VILENS: Visual, Inertial, Lidar, and Leg Odometry for All-Terrain Legged Robots
David Wisth, Marco Camurri, Maurice Fallon
TL;DR
VILENS addresses the critical problem of robust localization for legged robots operating in challenging environments where individual sensors can degenerate. It introduces a factor-graph based framework that tightly fuses IMU, leg kinematics, vision, and lidar data, augmented by a novel velocity-bias factor to compensate for contact deformation and slippage. The approach yields substantial accuracy gains over loosely coupled baselines across diverse platforms and terrains, and demonstrates robustness in dark, slippery, and feature-poor environments, while functioning onboard with a fixed-lag smoother integrated with a perceptive controller and local planner.

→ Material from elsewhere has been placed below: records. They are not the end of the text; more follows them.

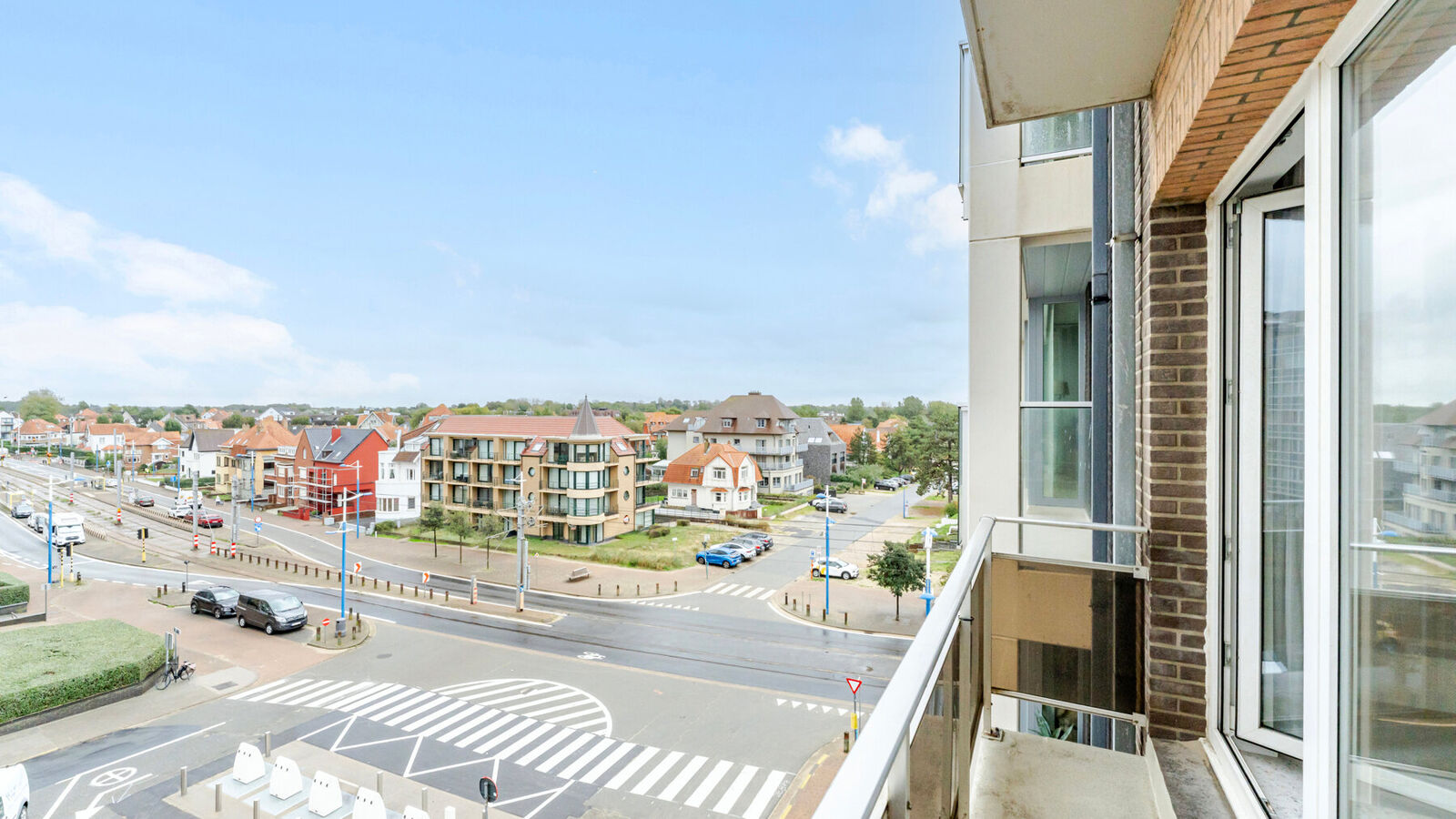 Appartement te koop in Koksijde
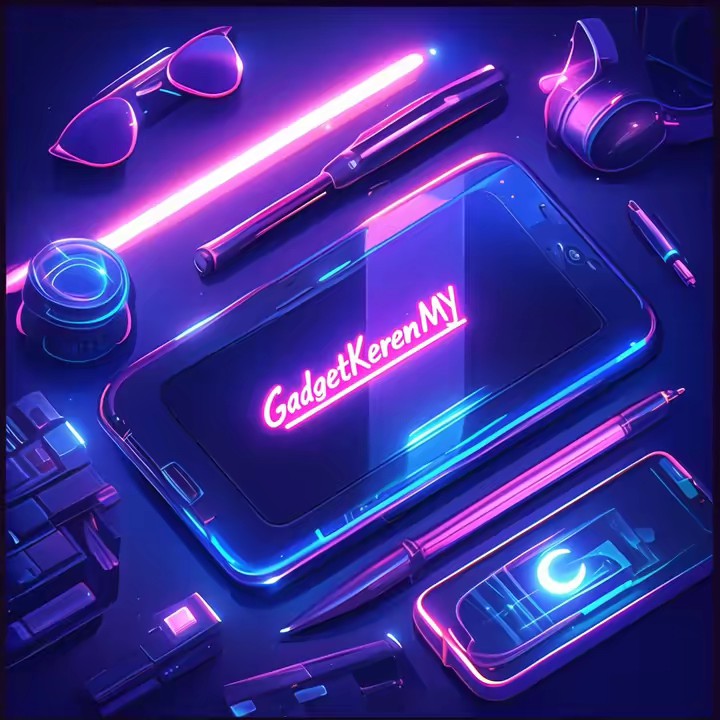 GadgetKerenMY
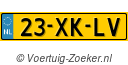 23XKLV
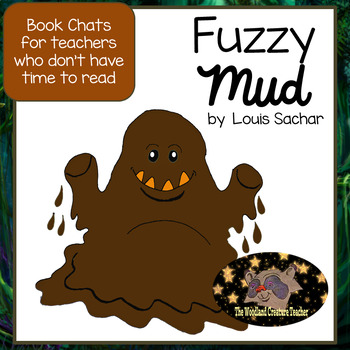 Fuzzy Mud (Paperback)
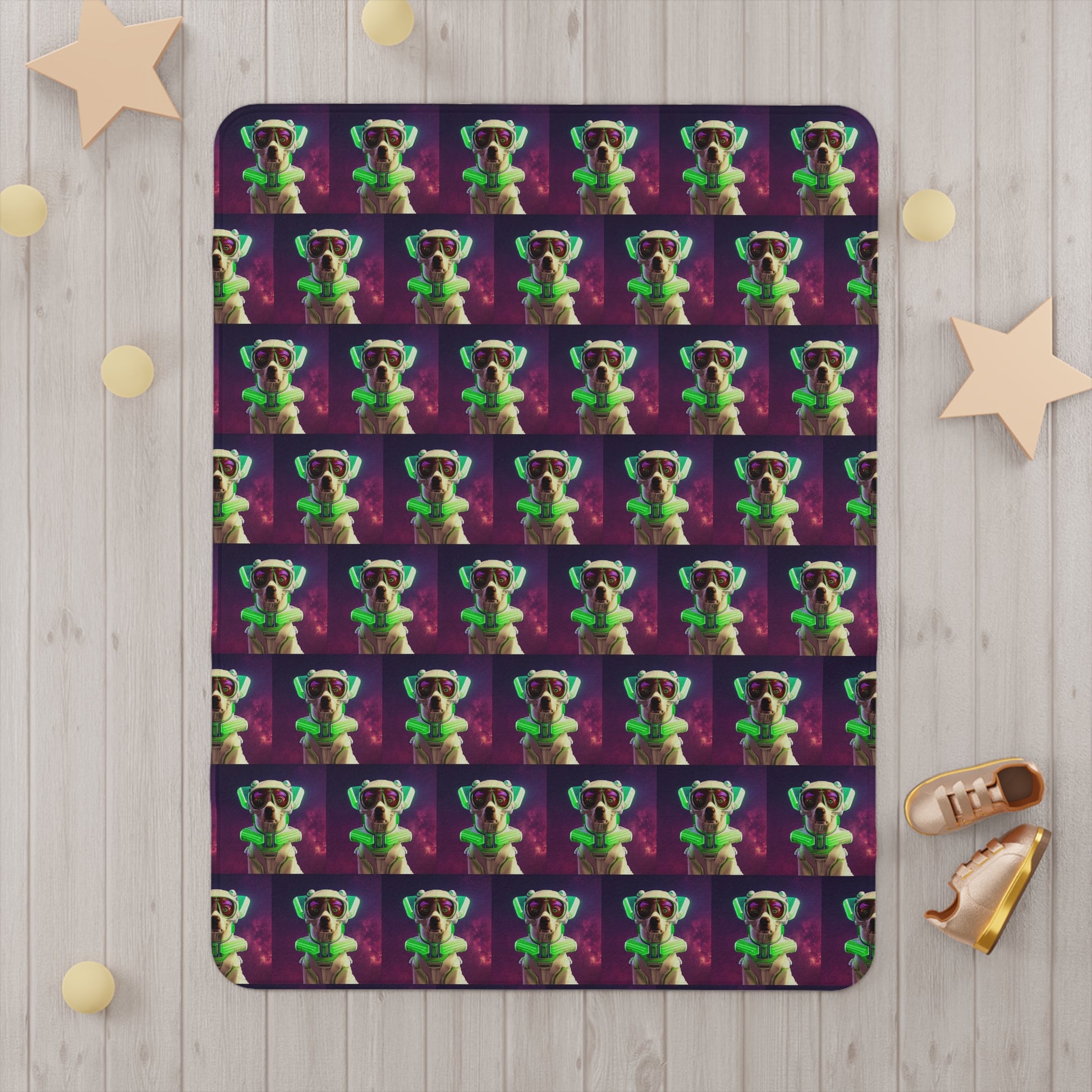 Toddler Blanket (8541960995135)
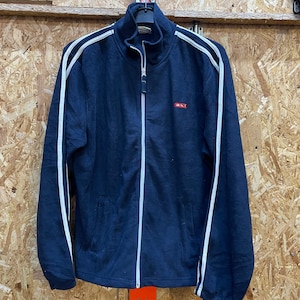 Vintage Aki Fleece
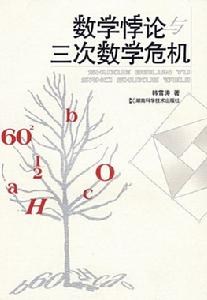 數學危機 數學危機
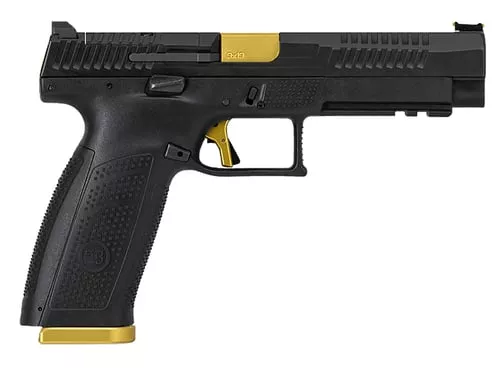 P-10 F COMP 9MM BLK 19+1 OR#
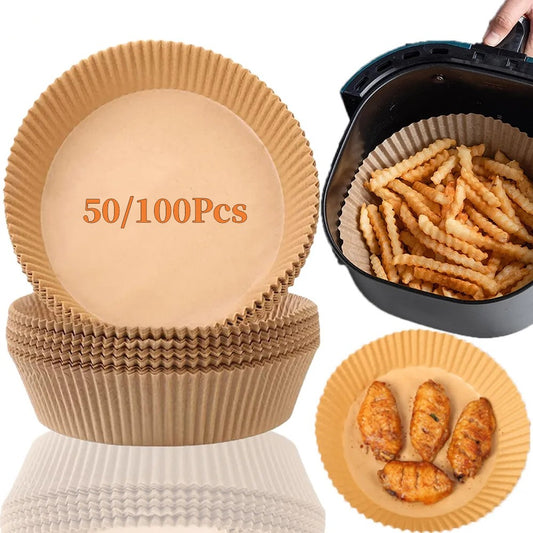 Air Fryer Disposable Liners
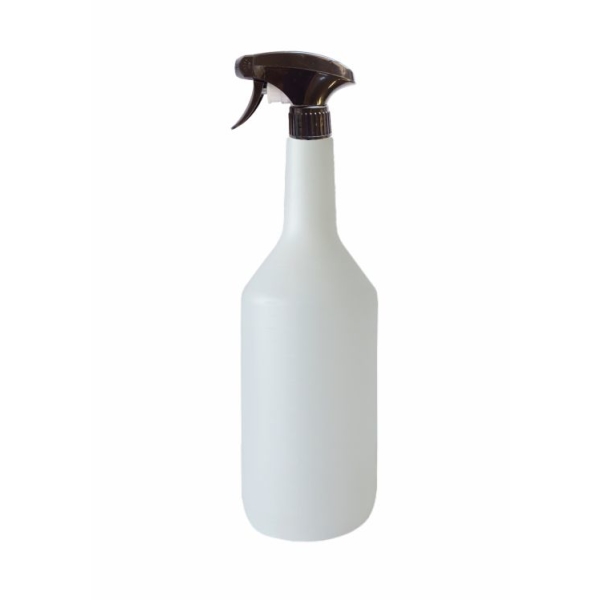 Related Products - 1l Spray Bottle & Executive Trigger Comp Black 1L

The results show high-frequency, low-drift state estimates suitable for terrain mapping and autonomous navigation, marking a practical step toward reliable all-terrain legged autonomy.
Abstract
We present visual inertial lidar legged navigation system (VILENS), an odometry system for legged robots based on factor graphs. The key novelty is the tight fusion of four different sensor modalities to achieve reliable operation when the individual sensors would otherwise produce degenerate estimation. To minimize leg odometry drift, we extend the robot's state with a linear velocity bias term, which is estimated online. This bias is observable because of the tight fusion of this preintegrated velocity factor with vision, lidar, and inertial measurement unit (IMU) factors. Extensive experimental validation on different ANYmal quadruped robots is presented, for a total duration of 2 h and 1.8 km traveled. The experiments involved dynamic locomotion over loose rocks, slopes, and mud, which caused challenges such as slippage and terrain deformation. Perceptual challenges included dark and dusty underground caverns, and open and feature-deprived areas. We show an average improvement of 62% translational and 51% rotational errors compared to a state-of-the-art loosely coupled approach. To demonstrate its robustness, VILENS was also integrated with a perceptive controller and a local path planner.